How to get entire utf8 char?

Hi,

I compare two String char by char.
There are utf8 string.

In the documentation, for char_indices function on String, we have this example to access the char at some index.
But in fact, it is not the entire char... it is some part of the encoded char.

let yes = "y̆es";

let mut char_indices = yes.char_indices();

assert_eq!(Some((0, 'y')), char_indices.next()); // not (0, 'y̆')
assert_eq!(Some((1, '\u{0306}')), char_indices.next());

 // note the 3 here - the previous character took up two bytes
assert_eq!(Some((3, 'e')), char_indices.next());
assert_eq!(Some((4, 's')), char_indices.next());

assert_eq!(None, char_indices.next());

In my code, I try to find the first char that differ between two string and print a part of the string to see the difference [some char before if possible and some char after if possible].
But how to get the entire char ?
I want to get the entire char 'y̆', for exemple knowing just its index...

You are probably looking after graphemes.

2 Likes

That's not possible because Unicode doesn't work that way. is combination of two codepoints.

There are crates that may help you to get the more human-like things from string, like unicode_segmentation.

But you really need to read some kind of documentation about Unicode if you want to go that way.
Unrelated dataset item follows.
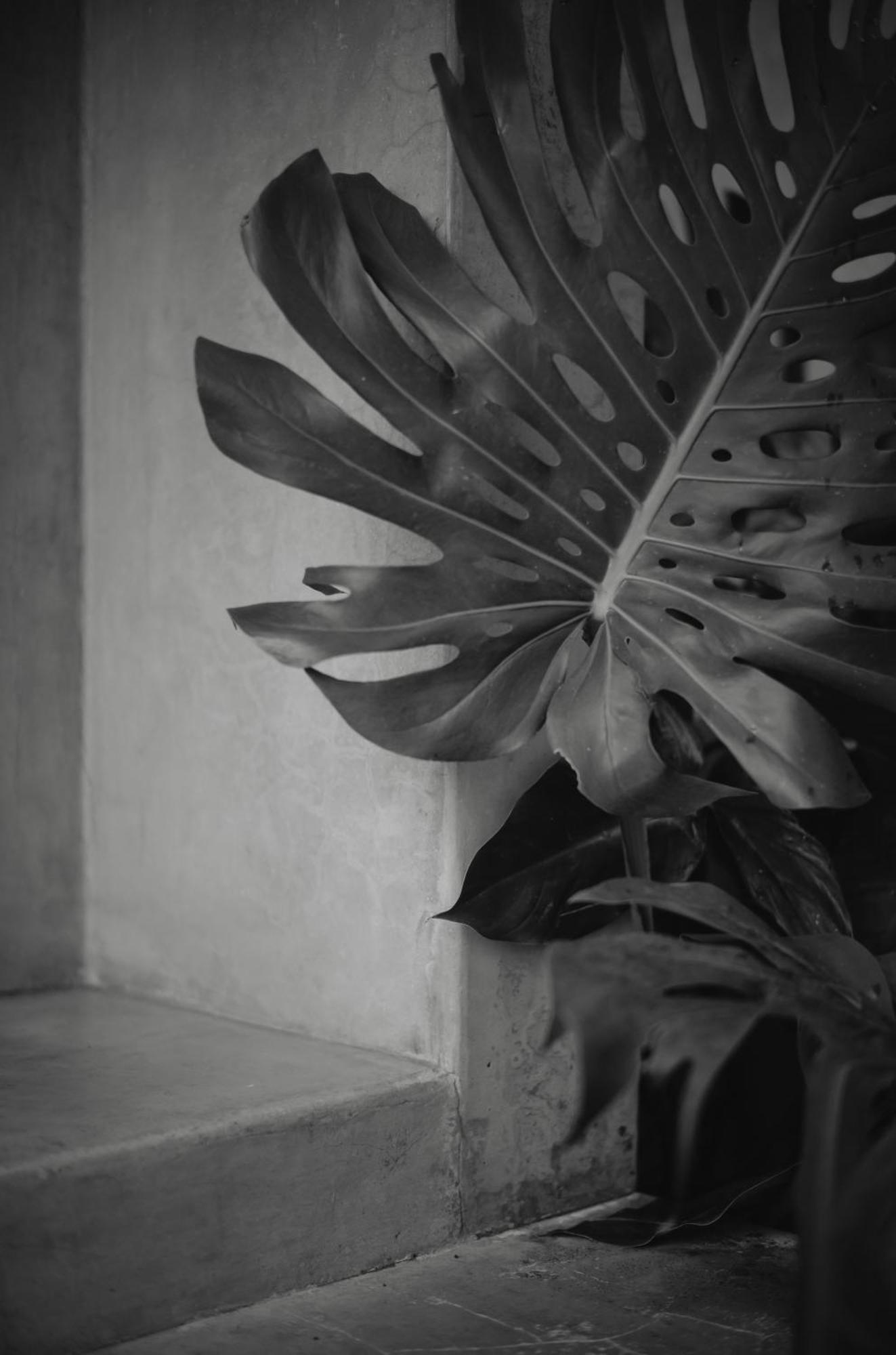 Bed and Breakfast Anzan Atitlan San Marcos La Laguna Exterior foto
Believe me, that rabbit hole is pretty damn deep.

5 Likes

Thank you very much. I was thinking there were tools in String. I will read that. Thank you to mention these features.
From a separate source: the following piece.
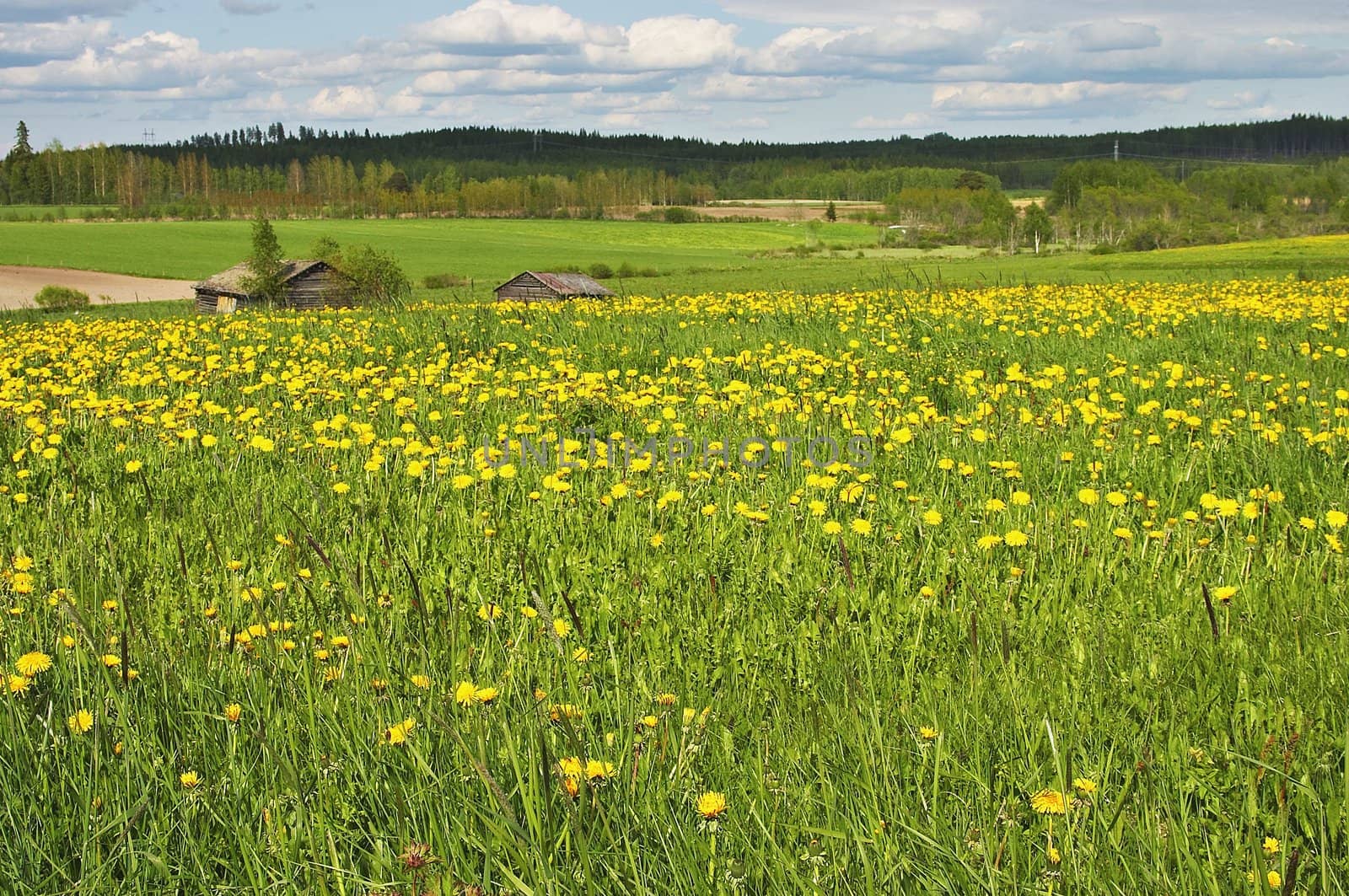 Summer landscape by mjp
yeah the issue you are having is actually about graphenes, 1 utf8 graphene like y̆ can be more than one codepoint(also often called char) in this case its y and \u{0306} which is a modifier

2 Likes

Basically: the story there is that many operations that you may want and that are feeling “simple” become very tricky and convoluted with Unicode.

Every single damn thing that you may imagine becomes a pile of tables that you need to consult and apply.

It's also why UTF-8 is proper representation of Unicode string: the advantage that other representation have, direct access to codepoint in a string… have zero applications to real-world algorithm if you want to support flags, emoji and the whole zoo that humanity invented.

Thus arguments against UTF-8 are sounding more of “give us UTF-32 or UTF-16 so it would be easier to write broken and incorrect code”… when phrased like that choice that Rust did becomes obvious: basic operations on code points are in std, but operations that require tables that are tens of megabytes in size (I'm not joking!) don't belong to std, you need to decide what to do about them on case-by-case basis.

3 Likes

The Rust standard library includes tools for working with text data byte-by-byte, or codepoint-by-codepoint. Those can be implemented easily and with minimal cultural data requirements because they're "just numbers." Those approaches work great for dealing with data storage, retrieval, and transmission, and for converting between encodings.

The problem you're trying to solve, of identifying the thing a person reading the text would consider to be a single letter, is not well-supported by the Rust standard library. Frankly, that's probably a reasonable choice: recognizing character divisions requires some extensive and frequently-updated data, which would make it a poor match for Rust's release cadence. Instead, that capability lives in crates like this one.

I would also encourage you to read up on Unicode normalization forms - your test string has at least two distinct representations as sequences of codepoints, and your test results will depend on which representation you use. (They are, respectively, a codepoint representing a y followed by a codepoint representing a combining mark tilde accent, and a single codepoint representing y with a tilde accent.)

6 Likes